Favourable Chance, I fancy, is the god of all men who follow their own devices instead of obeying a law they believe in. Let even a polished man of these days get into a position he is ashamed to avow, and his mind will be bent on all the possible issues that may deliver him from the calculable results of that position.
Formerly, his [Silas Marner’s] heart had been as a locked casket with its treasure inside; but now the casket was empty, and the lock was broken. Left groping in darkness, with his prop utterly gone, Silas had inevitably a sense, though a dull and half-despairing one, that if any help came to him it must come from without; and there was a slight stirring of expectation at the sight of his fellow-men, a faint consciousness of dependence on their goodwill.
“…the little child had come to link him [Silas Marner] once more with the whole world.”

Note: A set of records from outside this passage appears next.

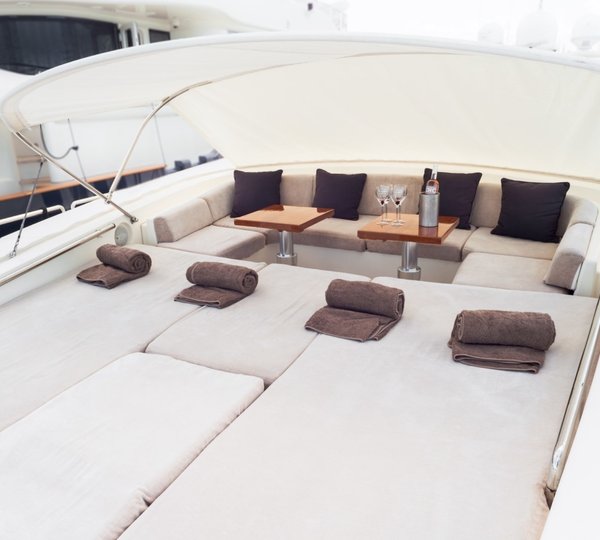 The 34m Yacht LEOPARD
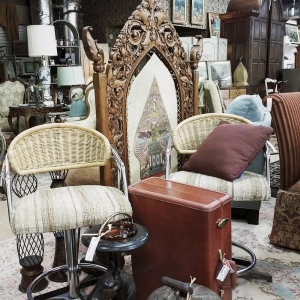 Photo of Wallpaper & Designer Home Consignments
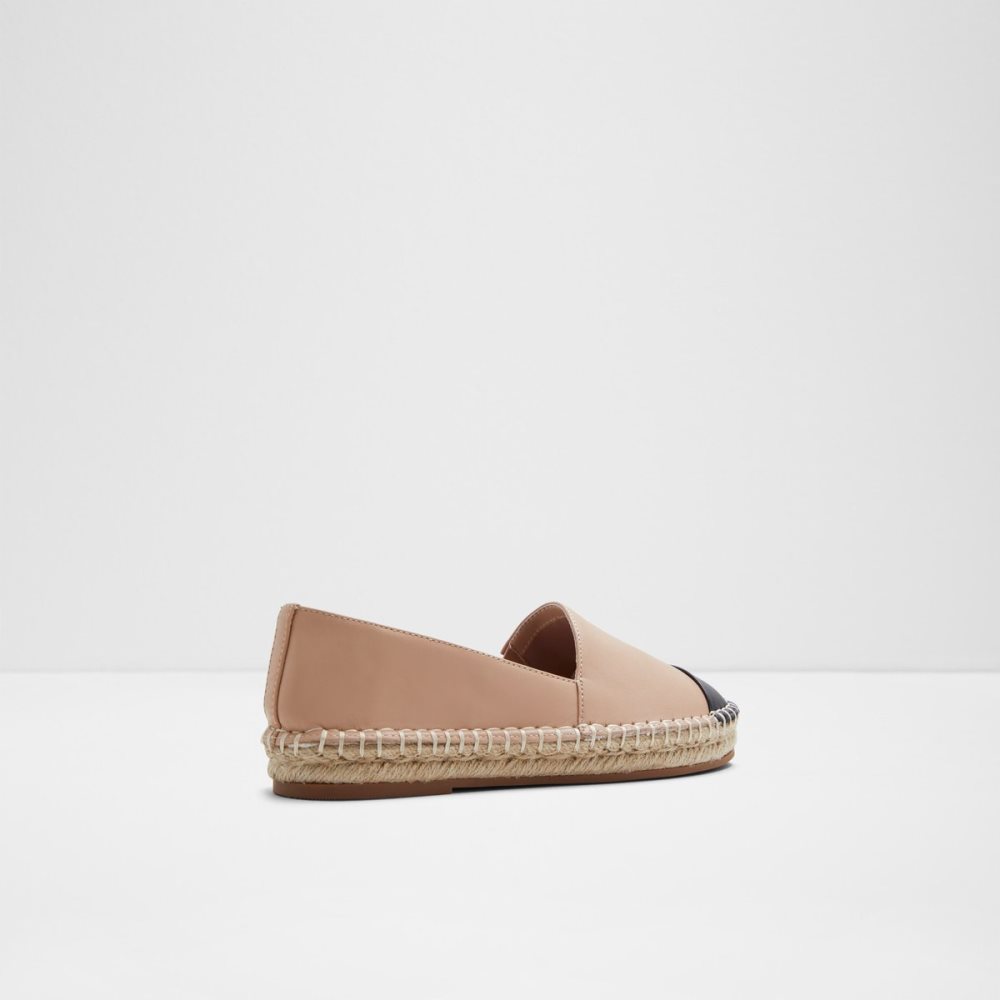 Sandales Aldo Macramia Espadrilles Beige Femme | IADH-36336218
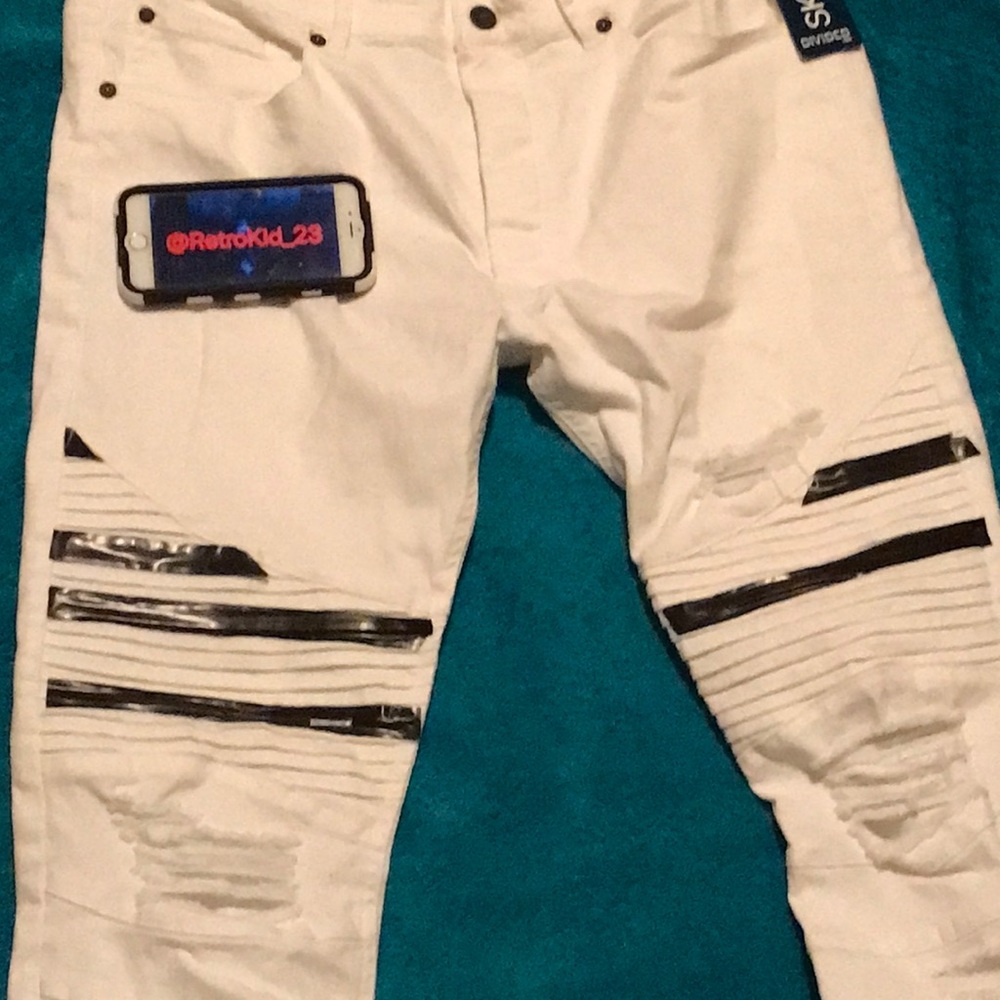H&M skinny jeans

By seeking what was needful for Eppie, by sharing the effect that everything produced on her, he [Silas Marner] had himself come to appropriate the forms of custom and belief which were the mould of Raveloe life; and as, with reawakening sensibilities, memory also reawakened, he had begun to ponder over the elements of his old faith, and blend them with his new impressions, till he recovered a consciousness of unity between his past and present.
“Everything comes to light, Nancy, sooner or later. When God Almighty wills it, our secrets are found out.”

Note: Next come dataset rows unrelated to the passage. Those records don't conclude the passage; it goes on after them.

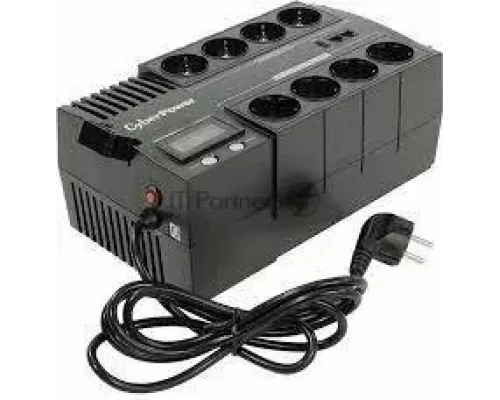 ИБП CyberPower BS850E black 850VA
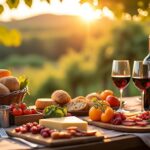 découvrez les tables d’hôtes qui mettent en valeur les meilleurs vins, pour une expérience gastronomique unique alliant saveurs et convivialité.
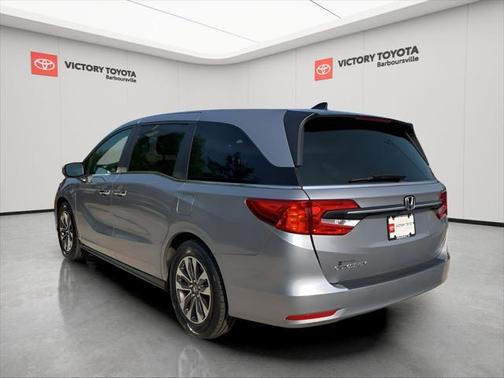 2023 Honda Odyssey EX-L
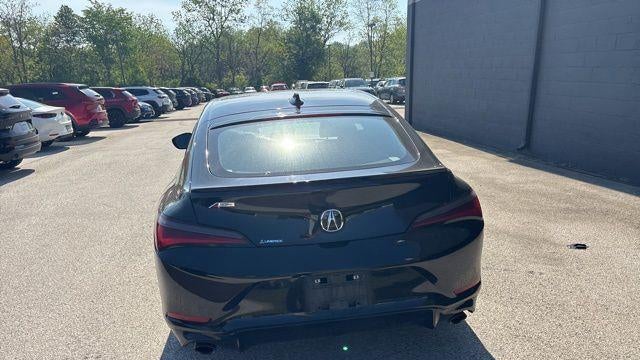 2023 Acura Integra w/A-SPEC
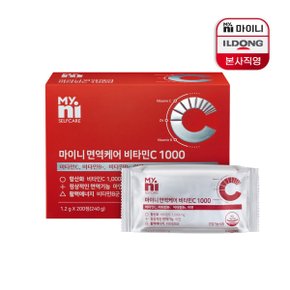 마이니 면역케어 비타민C 1000 200정 2개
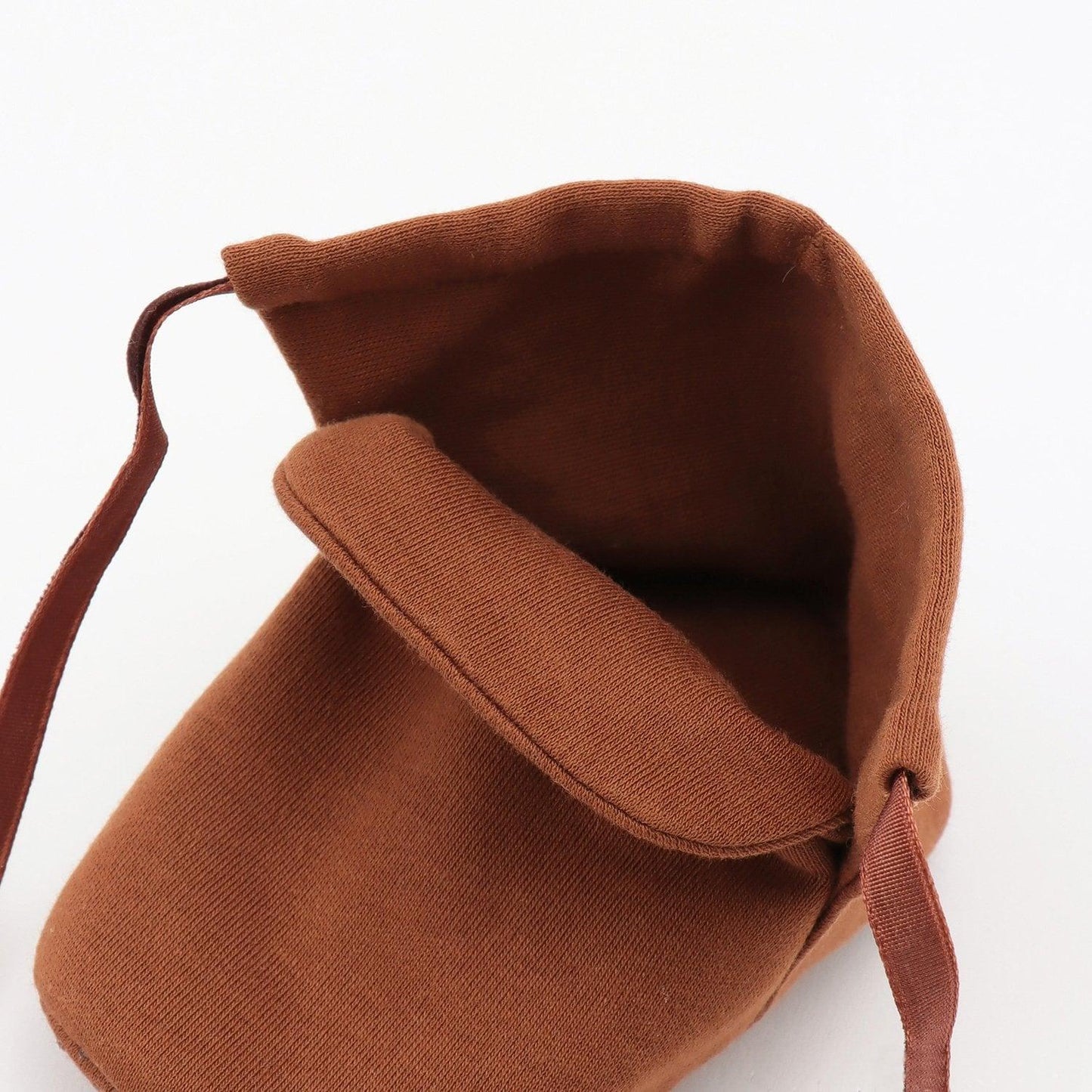 ムーミン（姆明） スナフキン 圍兜+襪子套裝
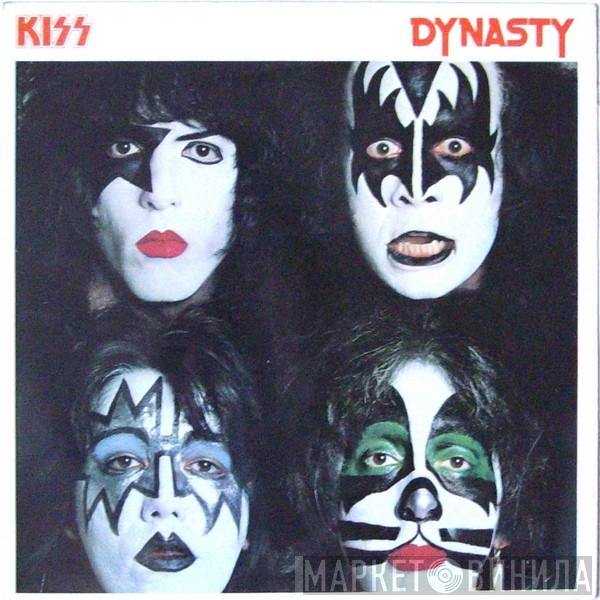  Kiss  - Dynasty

“…then, sir, why didn't you say so sixteen year ago, and claim her before I'd come to love her, i'stead o' coming to take her from me now, when you might as well take the heart out o' my body? God gave her to me because you turned your back upon her, and He looks upon her as mine: you've no right to her! When a man turns a blessing from his door, it falls to them as take it in.”
“It's gone, child," he [Silas Marner] said, at last, in strong agitation—“Lantern Yard's gone. It must ha' been here, because here's the house with the o'erhanging window—I know that—it's just the same; but they've made this new opening; and see that big factory! It's all gone—chapel and all.”
“It's the will o' Them above as a many things should be dark to us; but there's some things as I've never felt i' the dark about, and they're mostly what comes i' the day's work. You were hard done by that once, Master Marner, and it seems as you'll never know the rights of it; but that doesn't hinder there being a rights, Master Marner, for all it's dark to you and me.”
“Since the time the child was sent to me and I've come to love her as myself, I've had light enough to trusten by; and now she says she'll never leave me, I think I shall trusten till I die.”
“…he [Silas Marner had brought a blessing on himself by acting like a father to a lone motherless child.”